Ekonomi biliminde “RANT”; kira, faiz, kar payı gibi sermaye getirisidir. Yani emekten bağımsız, emek harcanmadan elde edilen gelirdir. Fakat günümüzde rant ve rantiye sözcükleri, bir piyasadaki usulsüz, haksız, hukuksuz kazancı ifade etmek için kullanılıyor.

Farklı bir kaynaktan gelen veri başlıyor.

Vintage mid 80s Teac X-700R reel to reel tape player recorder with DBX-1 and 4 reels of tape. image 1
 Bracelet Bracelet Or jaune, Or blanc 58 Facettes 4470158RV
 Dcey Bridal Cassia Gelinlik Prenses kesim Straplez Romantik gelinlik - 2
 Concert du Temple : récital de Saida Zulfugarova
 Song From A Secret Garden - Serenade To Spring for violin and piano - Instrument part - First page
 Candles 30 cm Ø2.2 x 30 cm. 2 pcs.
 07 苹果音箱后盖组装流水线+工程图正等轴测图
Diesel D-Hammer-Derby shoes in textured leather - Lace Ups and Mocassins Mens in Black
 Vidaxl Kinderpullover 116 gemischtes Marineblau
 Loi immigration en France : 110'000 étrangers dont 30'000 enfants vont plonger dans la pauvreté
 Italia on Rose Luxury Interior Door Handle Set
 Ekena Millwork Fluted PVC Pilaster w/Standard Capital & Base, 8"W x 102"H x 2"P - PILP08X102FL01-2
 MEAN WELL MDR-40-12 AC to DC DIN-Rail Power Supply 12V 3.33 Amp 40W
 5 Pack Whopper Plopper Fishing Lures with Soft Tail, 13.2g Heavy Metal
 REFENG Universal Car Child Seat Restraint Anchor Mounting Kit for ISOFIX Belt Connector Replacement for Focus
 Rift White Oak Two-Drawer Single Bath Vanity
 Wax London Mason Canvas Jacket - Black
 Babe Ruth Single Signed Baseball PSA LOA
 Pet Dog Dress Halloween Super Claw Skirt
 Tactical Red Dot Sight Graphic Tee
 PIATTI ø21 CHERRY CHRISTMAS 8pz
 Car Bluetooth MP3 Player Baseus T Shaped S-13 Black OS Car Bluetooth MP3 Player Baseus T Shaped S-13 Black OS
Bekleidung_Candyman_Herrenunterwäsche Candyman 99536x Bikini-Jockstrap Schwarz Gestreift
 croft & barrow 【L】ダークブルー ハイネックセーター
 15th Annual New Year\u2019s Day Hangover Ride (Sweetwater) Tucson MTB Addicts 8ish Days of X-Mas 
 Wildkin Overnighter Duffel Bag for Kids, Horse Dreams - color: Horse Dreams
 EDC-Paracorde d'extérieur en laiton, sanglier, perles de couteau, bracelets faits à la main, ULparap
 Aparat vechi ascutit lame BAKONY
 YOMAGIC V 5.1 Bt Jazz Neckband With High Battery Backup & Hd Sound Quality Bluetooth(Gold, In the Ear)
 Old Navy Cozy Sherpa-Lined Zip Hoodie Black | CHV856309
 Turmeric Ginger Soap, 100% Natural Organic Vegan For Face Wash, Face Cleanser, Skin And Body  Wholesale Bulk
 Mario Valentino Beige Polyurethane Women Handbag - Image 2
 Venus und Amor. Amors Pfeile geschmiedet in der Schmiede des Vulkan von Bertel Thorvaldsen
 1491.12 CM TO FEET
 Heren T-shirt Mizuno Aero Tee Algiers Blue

Bu şekilde elde edilen rant, ekonomideki bozulmanın da nedeni oluyor.
2012 yılında çıkarılan “6306 sayılı Afet Yasası” ile Kentsel Dönüşüm projeleri başlatıldı.
Kentsel dönüşümün öncelikli amacı, Çevre ve Şehircilik Bakanlığı’nın ilan ettiği (deprem) riskli alanlarda, sağlam binalardan oluşan sağlıklı ve güvenli yaşam çevrelerini oluşturmaktı.
Kentsel dönüşüm alanı ile ilgili tüm kararları Çevre ve Şehircilik Bakanlığı aldı, belediyeler uyguladı.
Japonya Uluslararası İşbirliği Ajansı’nın (JICA) Eylül 2002’de İstanbul’un deprem risk haritasını hazırladı. Beklenen depremde: “50–60 bin aralığında ağır hasarlı bina, 500–600 bin civarında evsiz aile, 70–90 bin civarında ölü, 120–130 bin ağır yaralı, 400 bin hafif yaralı olacağı belirtildi”.
Ancak, JICA’nın deprem risk haritası, Çevre ve Şehircilik Bakanlığı’nca bugüne kadar hiç dikkate alınmadı…!
İstanbul’da kentsel dönüşüm projeleri çoğunlukla, Esenler, Gaziosmanpaşa, Bağcılar, Sarıyer gibi 2. ve 3. derece deprem riski az, zemini sağlam alanlarda yapıldı. Hatta, Gaziosmanpaşa’da manzara konumlu 65 yıllık Karlıtepe mezarlık alanı bile TOKİ’nin gündemine alındı. Bölge halkının tepkileri üzerine vazgeçildi.
1. derece deprem kuşağında yer alan, yani en riskli, zemini gevşek alanlarda bulunan Tuzla, Pendik’ten başlayıp Maltepe, Ataşehir, Zeytinburnu, Bahçelievler, Bakırköy, Avcılar, Büyükçekmece ve Silivri’ye kadar uzanan kıyı şeridindeki ilçelerde kentsel dönüşüm projelerine hemen hemen hiç yer verilmedi.
Ama…!
Afet toplanma alanları bile imara açıldı, gökdelenler konduruldu.
Ataköy kumsalında halkın plajına gökdelenler dikildi…
İzmir’de Gediz Deltası’nda, alüvyonların oluşturduğu yumuşak zemine yapılan gökdelen daireleri “Denize sıfır, Flamingolara komşu” reklamıyla satılıyor.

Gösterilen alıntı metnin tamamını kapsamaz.